The recession (and perhaps more than a little hubris) led to JOE’s retreat from the real estate development business. Throughout 2006, it became apparent that the market for second homes in Florida was receding like a Gulf tide. Just like many of its customers, the St Joe Company had become addicted to luxury beach homes built on lots that, when they were released, attracted so many purchasers that they were sold out in a few hours. Lucky owners saw their beautifully serviced home sites, situated in expertly-designed communities, rise rapidly in value long before a home plan was approved by JOE’s fastidious design board. Property speculation flourished as cheap money and ‘creative’ lending practices, underpinned by helpful capital gains rules, enabled everyone to ‘play the market’ by buying and flipping lots before any construction costs were incurred.
Then things changed. Lot owners, fearing a ‘market adjustment’ and keen to ‘cash out’, found they had to compete for purchasers for the first time in many years. Worse still, prices began to soften just as the supply of new lots reached its peak. At the St Joe Company, construction was slowed – but not fast enough to keep pace with plummeting sales receipts. The company began a lengthy correction that has lasted four years, closing down all development activity, outsourcing resort management, cutting staffing to the bone and transforming itself for the second time in a decade; this time into a wholesaler of land.
The northwest Florida market for luxury second homes has withered to a shadow of its former self. What the Panhandle needs now, and in large numbers, are jobs and retirees. Hundreds of lots remain vacant awaiting the construction of new homes. We know that the St Joe Company, relying exclusively on the orderly sale of its sub-divided land, will not be building anything, so a new breed of developers will be needed to help unlock value for JOE’s shareholders. And, if the Panhandle is going to be transformed from a seasonal tourist economy to one that is more sustainable, then a core of higher-paying year-round employment is essential.

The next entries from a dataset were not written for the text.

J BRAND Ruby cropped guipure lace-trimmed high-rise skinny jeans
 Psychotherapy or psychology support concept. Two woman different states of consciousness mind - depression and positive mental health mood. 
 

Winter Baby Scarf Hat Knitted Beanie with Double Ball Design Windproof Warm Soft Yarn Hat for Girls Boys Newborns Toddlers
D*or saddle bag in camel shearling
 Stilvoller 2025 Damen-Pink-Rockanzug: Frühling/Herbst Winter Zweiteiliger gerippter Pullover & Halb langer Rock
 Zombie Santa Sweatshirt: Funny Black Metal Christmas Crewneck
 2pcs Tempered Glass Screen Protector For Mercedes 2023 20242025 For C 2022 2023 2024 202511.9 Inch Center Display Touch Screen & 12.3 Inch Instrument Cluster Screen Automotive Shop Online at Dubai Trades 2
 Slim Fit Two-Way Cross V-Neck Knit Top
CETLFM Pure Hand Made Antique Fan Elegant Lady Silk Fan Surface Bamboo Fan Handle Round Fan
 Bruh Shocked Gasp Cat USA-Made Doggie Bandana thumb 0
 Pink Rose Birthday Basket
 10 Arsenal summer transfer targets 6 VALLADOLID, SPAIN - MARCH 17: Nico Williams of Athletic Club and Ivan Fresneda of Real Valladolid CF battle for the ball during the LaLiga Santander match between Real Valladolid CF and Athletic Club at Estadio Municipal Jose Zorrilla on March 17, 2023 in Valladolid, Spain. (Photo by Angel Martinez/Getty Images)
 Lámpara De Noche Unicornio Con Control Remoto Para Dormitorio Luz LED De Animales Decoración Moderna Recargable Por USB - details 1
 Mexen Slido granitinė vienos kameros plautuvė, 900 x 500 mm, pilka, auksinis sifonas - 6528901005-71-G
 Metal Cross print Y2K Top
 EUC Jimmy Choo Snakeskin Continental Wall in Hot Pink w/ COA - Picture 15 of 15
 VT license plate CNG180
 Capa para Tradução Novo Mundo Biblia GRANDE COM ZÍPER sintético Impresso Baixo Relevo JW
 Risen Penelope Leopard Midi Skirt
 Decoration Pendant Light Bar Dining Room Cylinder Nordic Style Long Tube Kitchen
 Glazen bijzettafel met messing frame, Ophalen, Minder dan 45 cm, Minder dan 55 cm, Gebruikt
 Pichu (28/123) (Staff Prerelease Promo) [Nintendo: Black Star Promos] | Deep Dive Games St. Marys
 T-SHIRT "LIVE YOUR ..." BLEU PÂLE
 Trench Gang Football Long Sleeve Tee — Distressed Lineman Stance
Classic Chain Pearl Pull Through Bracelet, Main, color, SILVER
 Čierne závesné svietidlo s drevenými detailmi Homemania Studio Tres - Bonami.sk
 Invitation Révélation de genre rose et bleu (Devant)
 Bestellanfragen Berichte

The new airport is considered by many to be critical to the future of the Panhandle. The formula is simple; cheap flights fill beds at the beach and happy visitors are tomorrow’s residents. Florida’s sun and sugar-sand will always attract individuals and businesses that have grown tired of long grey winters, state income tax and labor laws, so all that’s needed is decent transportation, infrastructure – and relatively cheap, affordable homes.
This last – and vital – component has been missing in recent years and must now be delivered in these straightened times if the financially bruised boomer generation is going to make any kind of economic impact on northwest Florida. JOE is betting that, as the economy improves, retirees will once more head for the sunshine, preferring the natural, more rural, charms of northwest Florida to the crowded beaches further south .
The Airport has been carefully located to provide, among other things, plenty of industrial and commercial land for businesses able to exploit this new transportation hub. There should also be plenty of land for workforce housing, as long as it is priced realistically. Some smart people with equally smart money have made a significant bet that the St Joe Company is perfectly placed to benefit from the economic growth that the new airport is expected to generate. It’s going to be intriguing to see, therefore, whether Northwest Florida International Beaches Airport proves to be the ‘inducer’ that changes the face of Florida’s last quiet coastline or an expensive flop with a tongue-twisting name.